> **Task**
Your response should consist of the entries below, reproduced exactly and without their images.

Data extracted from a collection

+ + + + + + +

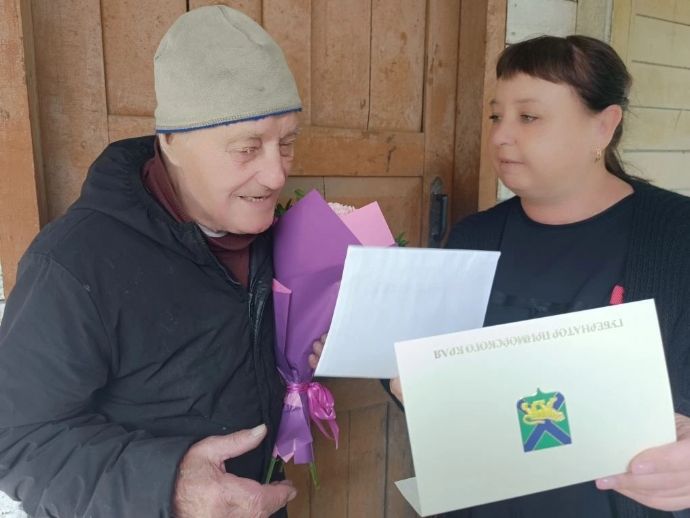 Труженик тыла Николай Карташов из Находки принимает поздравления с 97-летием...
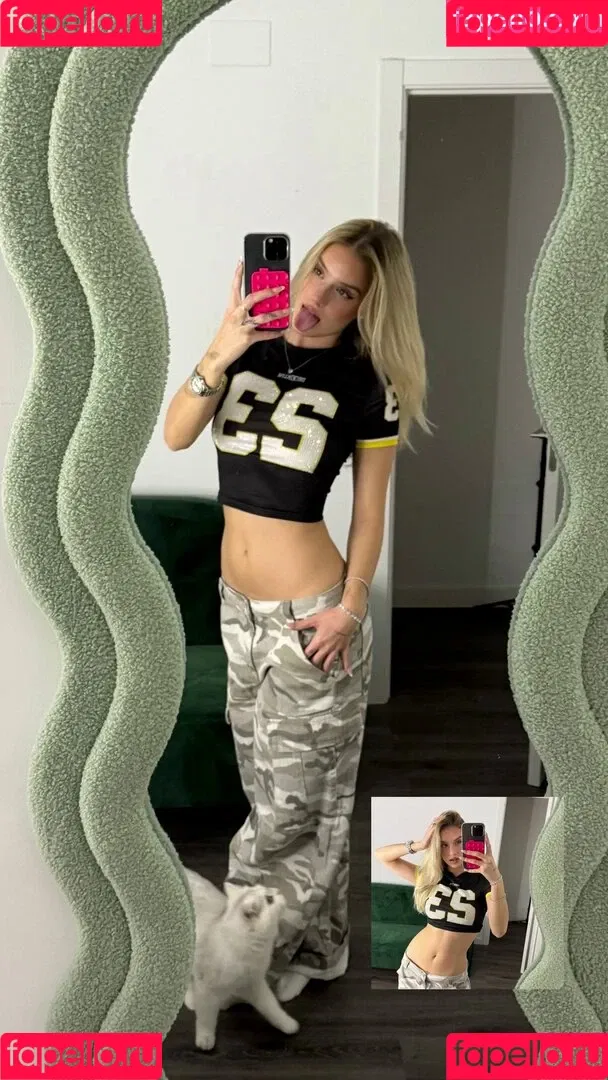 Lia Sikora / liasikora Onlyfans Photo Gallery 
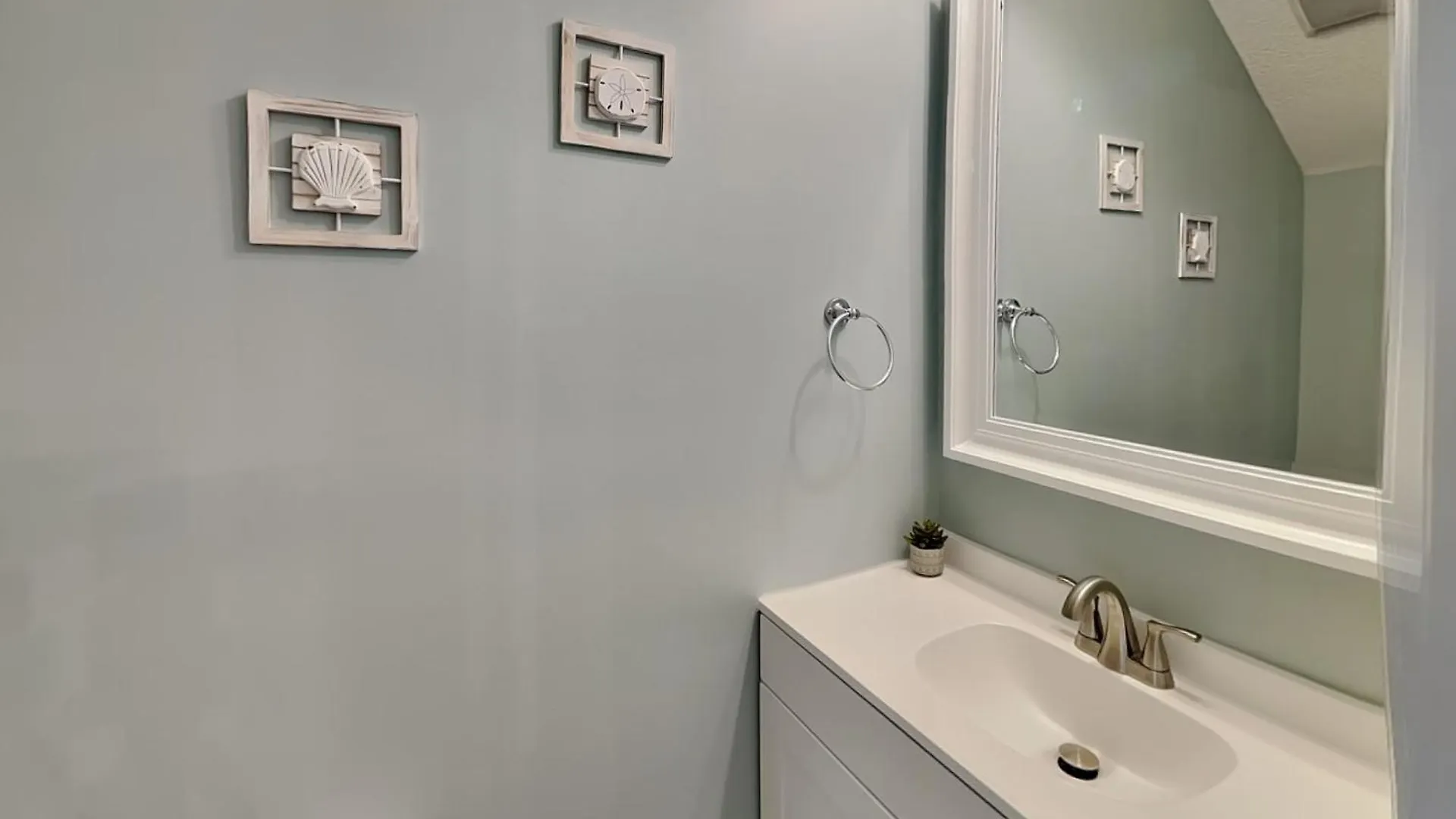 Ocean Breeze 53 Apartment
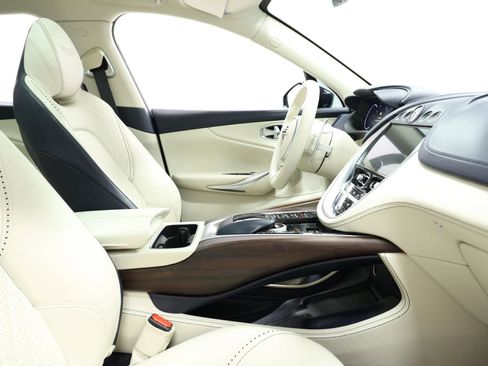 Used 2021 Aston Martin DBX AWD/4WD image 83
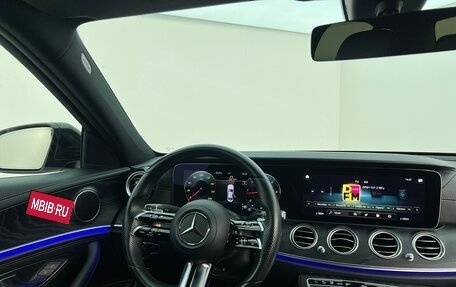 Mercedes-Benz E-Класс, 2021 год, 4 500 000 рублей, 17 фотография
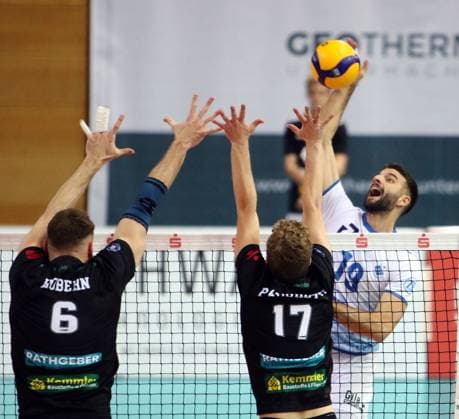 from left Georg HOBERN Haching , Eric PADURETU Haching , Ivan ZELJKOVIC Friedrichshafen , He Volleyball, DVV Pokal Quarterfinal 2024 25, TSV Haching Muenchen vs VfB Friedrichshafen, Geothermie Arena, Unterhaching, 24 11 24, Copyright:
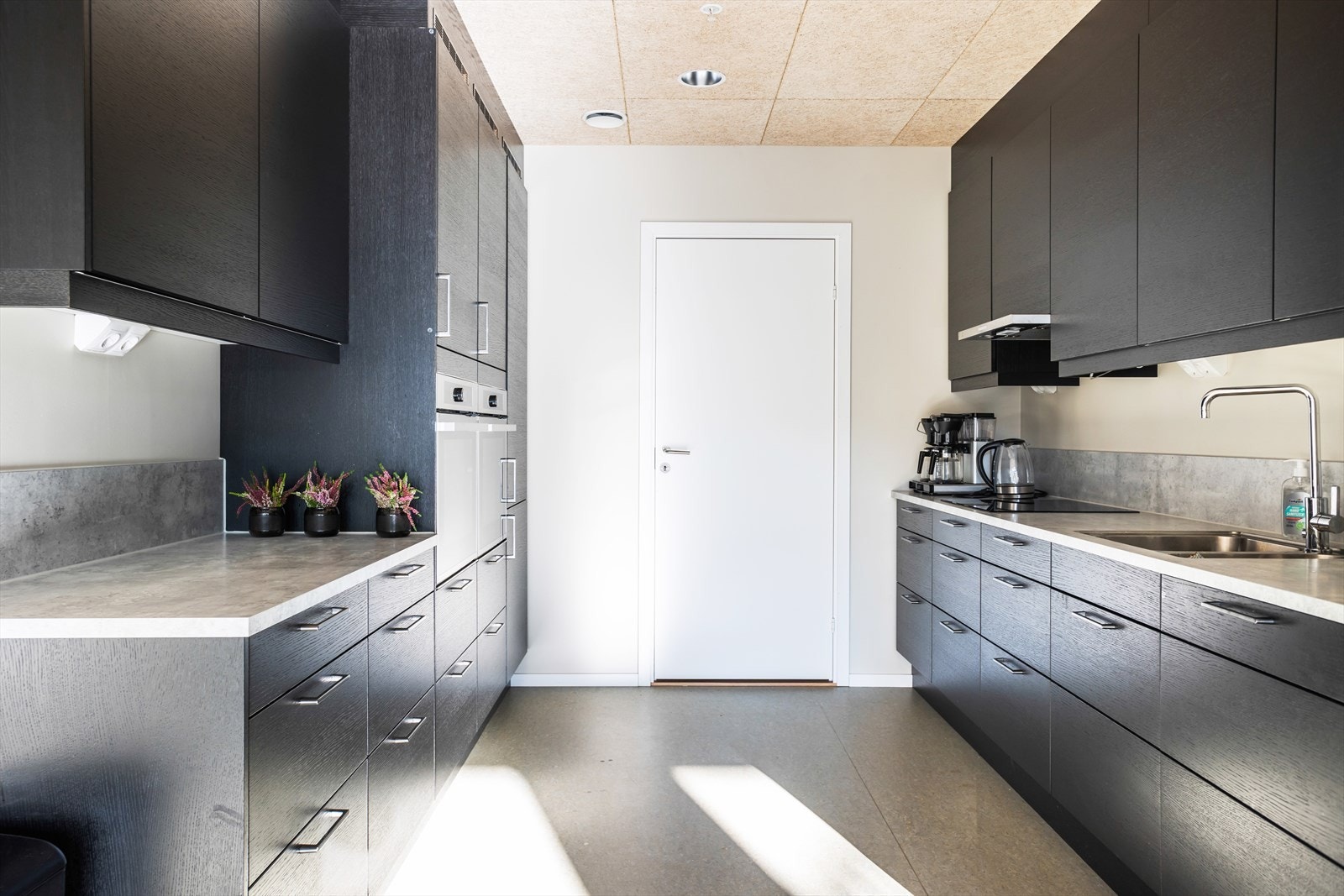 Lokalet er fleksibelt slik at det kan benyttes til mange ulike aktiviteter. Her kan man invitere til små og store selskap - mulighetene er mange. Galleribilde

+ + + + + + +

> **Response area**
 Труженик тыла Николай Карташов из Находки принимает поздравления с 97-летием...
 Lia Sikora / liasikora Onlyfans Photo Gallery 
 Ocean Breeze 53 Apartment
 Used 2021 Aston Martin DBX AWD/4WD image 83
 Mercedes-Benz E-Класс, 2021 год, 4 500 000 рублей, 17 фотография
 from left Georg HOBERN Haching , Eric PADURETU Haching , Ivan ZELJKOVIC Friedrichshafen , He Volleyball, DVV Pokal Quarterfinal 2024 25, TSV Haching Muenchen vs VfB Friedrichshafen, Geothermie Arena, Unterhaching, 24 11 24, Copyright:
 Lokalet er fleksibelt slik at det kan benyttes til mange ulike aktiviteter. Her kan man invitere til små og store selskap - mulighetene er mange. Galleribilde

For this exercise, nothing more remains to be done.